高等裁判所での原審は、本件チラシの配布は、新聞を購読する一般消費者に向けたもので、特定の消費者に働きかけたものではないから、消費者契約法12条1項および2項にいう「勧誘」に当たらないとしました。

上告受理を申し立て。


最高裁の判断

上告棄却。

「勧誘」の解釈について、原審の判断は誤っているものの、本件チラシの配布をすでにやめていたことで、法12条1項・2項の「現に行い又は行うおそれがある」の要件を満たさないことから、結論としては請求棄却を指示したものです。

 

「勧誘」について法に定義規定は置かれていないところ、例えば、事業者が、その記載内容全体から判断して消費者が当該事業者の商品等の内容や取引条件その他これらの取引に関する事項を具体的に認識し得るような新聞広告により不特定多数の消費者に向けて働きかけを行うときは、当該働きかけが個別の消費者の意思形成に直接影響を与えることもあり得るから、事業者等が不特定多数の消費者に向けて働きかけを行う場合を上記各規定にいう「勧誘」に当たらないとしてその適用対象から一律に除外することは、上記の法の趣旨目的に照らし相当とはいい難い。

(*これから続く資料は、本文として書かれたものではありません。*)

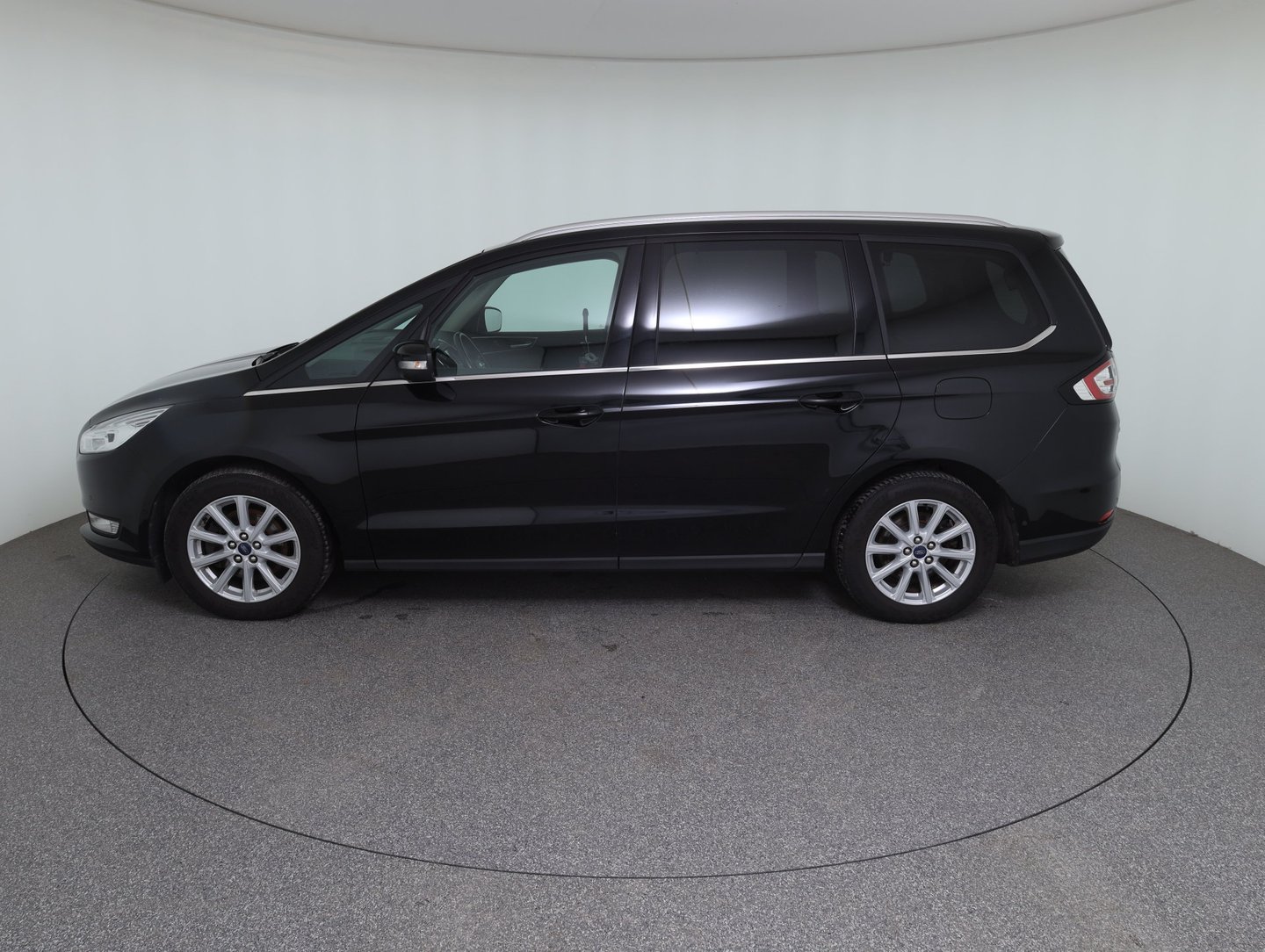 Ford Galaxy 2,0 TDCi AWD Titanium Start/Stop Powershift | Bild 16 von 26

したがって、事業者等による働きかけが不特定多数の消費者に向けられたものであったとしても、そのことから直ちにその働きかけが法12条1項及び2項にいう「勧誘」に当たらないということはできないというべきである。

 

 

消費者契約法による取消がしやすくなった?

本件は、差止めの事案ですが、不実告知などの取消の際にも「勧誘」は要件とされています。

こちらは、消費者契約法4条などの規定です。

一般的には、12条と4条等で「勧誘」の解釈を区別する必要はないとされています。

そのため、今回のように「勧誘」を広く解釈した判断は、取消の際い消費者保護を広くしたものともいえます。

かつての消費者庁の解説や、これを元にした条文解説の文献では、この勧誘には、不特定多数を対象にした広告、チラシの配布等は、「勧誘」に含まれないとされていました。

しかし、それでは、消費者保護という趣旨に反するという議論がされ、今回の最高裁は、チラシの不実告知も、勧誘として取消ができる解釈をとったものといえます。

 

もちろん、契約の取消には他の要件も必要でありますが、チラシのような客観的な資料が勧誘の証拠になりうるという話は、取消の可能性を広げるものです。